▸ WORK INSTRUCTIONS: Beginning at whichever line contains "TX 76021, USA", reproduce each line of the records below word for word, ending with the last, and add nothing.

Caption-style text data
- - - - -
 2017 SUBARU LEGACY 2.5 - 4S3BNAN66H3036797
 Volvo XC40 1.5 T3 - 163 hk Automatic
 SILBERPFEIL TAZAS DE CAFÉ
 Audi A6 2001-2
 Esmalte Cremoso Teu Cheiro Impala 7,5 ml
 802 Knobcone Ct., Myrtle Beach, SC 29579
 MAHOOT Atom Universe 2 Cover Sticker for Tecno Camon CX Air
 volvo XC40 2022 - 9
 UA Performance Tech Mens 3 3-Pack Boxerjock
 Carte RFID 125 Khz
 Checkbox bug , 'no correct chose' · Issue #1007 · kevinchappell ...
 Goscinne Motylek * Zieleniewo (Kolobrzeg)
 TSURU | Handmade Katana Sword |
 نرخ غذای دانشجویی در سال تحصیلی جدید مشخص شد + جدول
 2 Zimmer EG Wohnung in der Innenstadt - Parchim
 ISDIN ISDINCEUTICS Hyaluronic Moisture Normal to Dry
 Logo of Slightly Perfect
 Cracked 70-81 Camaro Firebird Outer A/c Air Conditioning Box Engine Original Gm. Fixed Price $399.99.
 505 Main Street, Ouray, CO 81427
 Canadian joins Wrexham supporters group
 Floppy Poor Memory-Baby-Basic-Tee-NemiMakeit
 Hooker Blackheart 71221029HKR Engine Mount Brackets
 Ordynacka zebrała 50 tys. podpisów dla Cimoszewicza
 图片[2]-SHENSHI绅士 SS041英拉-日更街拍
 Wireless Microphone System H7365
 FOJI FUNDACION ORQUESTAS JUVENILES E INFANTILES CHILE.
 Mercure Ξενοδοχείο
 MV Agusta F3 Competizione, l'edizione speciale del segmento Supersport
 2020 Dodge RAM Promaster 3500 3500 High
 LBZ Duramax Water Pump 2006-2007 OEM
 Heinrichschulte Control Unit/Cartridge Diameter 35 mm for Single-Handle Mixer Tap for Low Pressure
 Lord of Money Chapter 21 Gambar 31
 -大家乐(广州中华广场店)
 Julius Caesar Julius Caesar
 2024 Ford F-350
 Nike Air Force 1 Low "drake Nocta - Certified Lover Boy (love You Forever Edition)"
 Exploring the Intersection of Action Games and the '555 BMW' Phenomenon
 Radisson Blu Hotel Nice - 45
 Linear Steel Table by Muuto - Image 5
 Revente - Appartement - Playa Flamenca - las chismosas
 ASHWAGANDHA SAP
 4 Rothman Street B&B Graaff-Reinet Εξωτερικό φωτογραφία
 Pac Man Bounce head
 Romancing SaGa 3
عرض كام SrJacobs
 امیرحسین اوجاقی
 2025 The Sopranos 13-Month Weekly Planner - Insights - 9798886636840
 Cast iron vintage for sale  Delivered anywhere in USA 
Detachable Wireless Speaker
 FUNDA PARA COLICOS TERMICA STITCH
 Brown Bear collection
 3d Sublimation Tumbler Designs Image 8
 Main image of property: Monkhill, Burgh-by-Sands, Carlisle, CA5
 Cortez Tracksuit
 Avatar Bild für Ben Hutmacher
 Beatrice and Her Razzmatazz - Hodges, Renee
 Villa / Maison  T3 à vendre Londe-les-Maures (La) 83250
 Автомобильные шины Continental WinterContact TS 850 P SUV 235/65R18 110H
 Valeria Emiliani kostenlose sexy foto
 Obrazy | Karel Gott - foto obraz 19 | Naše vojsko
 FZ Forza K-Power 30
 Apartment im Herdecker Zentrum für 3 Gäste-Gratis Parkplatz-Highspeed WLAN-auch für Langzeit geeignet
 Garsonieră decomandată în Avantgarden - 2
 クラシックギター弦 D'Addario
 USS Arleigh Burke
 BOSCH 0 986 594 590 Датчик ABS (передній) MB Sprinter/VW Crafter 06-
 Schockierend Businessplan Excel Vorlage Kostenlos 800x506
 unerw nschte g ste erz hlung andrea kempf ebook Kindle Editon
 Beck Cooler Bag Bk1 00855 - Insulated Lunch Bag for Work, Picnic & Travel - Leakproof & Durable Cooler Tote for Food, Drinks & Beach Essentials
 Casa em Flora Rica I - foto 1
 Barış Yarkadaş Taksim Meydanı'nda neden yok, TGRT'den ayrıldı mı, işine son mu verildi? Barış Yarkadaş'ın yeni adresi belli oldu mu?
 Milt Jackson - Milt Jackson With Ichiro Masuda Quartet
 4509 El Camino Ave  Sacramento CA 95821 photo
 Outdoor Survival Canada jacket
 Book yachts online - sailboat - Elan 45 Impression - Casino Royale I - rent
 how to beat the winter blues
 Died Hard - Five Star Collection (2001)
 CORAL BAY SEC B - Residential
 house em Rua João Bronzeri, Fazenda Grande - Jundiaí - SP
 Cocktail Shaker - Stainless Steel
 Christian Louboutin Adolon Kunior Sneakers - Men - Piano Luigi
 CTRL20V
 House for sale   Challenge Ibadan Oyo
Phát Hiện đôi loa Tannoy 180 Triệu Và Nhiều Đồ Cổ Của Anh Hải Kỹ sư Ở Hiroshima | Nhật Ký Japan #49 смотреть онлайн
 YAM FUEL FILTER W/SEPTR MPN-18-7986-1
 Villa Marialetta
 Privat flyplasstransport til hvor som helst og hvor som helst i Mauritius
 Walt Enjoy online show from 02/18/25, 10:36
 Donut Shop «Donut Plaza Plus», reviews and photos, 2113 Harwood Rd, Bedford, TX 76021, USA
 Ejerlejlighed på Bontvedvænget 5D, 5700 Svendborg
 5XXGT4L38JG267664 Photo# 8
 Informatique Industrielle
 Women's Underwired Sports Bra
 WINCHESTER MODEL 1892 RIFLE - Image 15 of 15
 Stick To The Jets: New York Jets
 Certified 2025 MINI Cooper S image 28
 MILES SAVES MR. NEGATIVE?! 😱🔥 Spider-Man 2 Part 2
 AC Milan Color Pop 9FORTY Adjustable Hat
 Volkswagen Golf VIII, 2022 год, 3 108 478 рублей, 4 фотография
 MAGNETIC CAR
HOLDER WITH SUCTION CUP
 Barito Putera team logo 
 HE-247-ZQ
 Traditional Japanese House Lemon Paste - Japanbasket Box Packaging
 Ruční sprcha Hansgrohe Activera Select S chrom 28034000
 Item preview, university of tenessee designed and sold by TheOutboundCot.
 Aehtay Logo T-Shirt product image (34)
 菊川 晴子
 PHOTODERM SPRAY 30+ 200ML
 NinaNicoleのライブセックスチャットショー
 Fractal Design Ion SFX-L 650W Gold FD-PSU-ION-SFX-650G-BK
- - - - -
▸ SOLUTION TO THE PROBLEM:
 Donut Shop «Donut Plaza Plus», reviews and photos, 2113 Harwood Rd, Bedford, TX 76021, USA
 Ejerlejlighed på Bontvedvænget 5D, 5700 Svendborg
 5XXGT4L38JG267664 Photo# 8
 Informatique Industrielle
 Women's Underwired Sports Bra
 WINCHESTER MODEL 1892 RIFLE - Image 15 of 15
 Stick To The Jets: New York Jets
 Certified 2025 MINI Cooper S image 28
 MILES SAVES MR. NEGATIVE?! 😱🔥 Spider-Man 2 Part 2
 AC Milan Color Pop 9FORTY Adjustable Hat
 Volkswagen Golf VIII, 2022 год, 3 108 478 рублей, 4 фотография
 MAGNETIC CAR
HOLDER WITH SUCTION CUP
 Barito Putera team logo 
 HE-247-ZQ
 Traditional Japanese House Lemon Paste - Japanbasket Box Packaging
 Ruční sprcha Hansgrohe Activera Select S chrom 28034000
 Item preview, university of tenessee designed and sold by TheOutboundCot.
 Aehtay Logo T-Shirt product image (34)
 菊川 晴子
 PHOTODERM SPRAY 30+ 200ML
 NinaNicoleのライブセックスチャットショー
 Fractal Design Ion SFX-L 650W Gold FD-PSU-ION-SFX-650G-BK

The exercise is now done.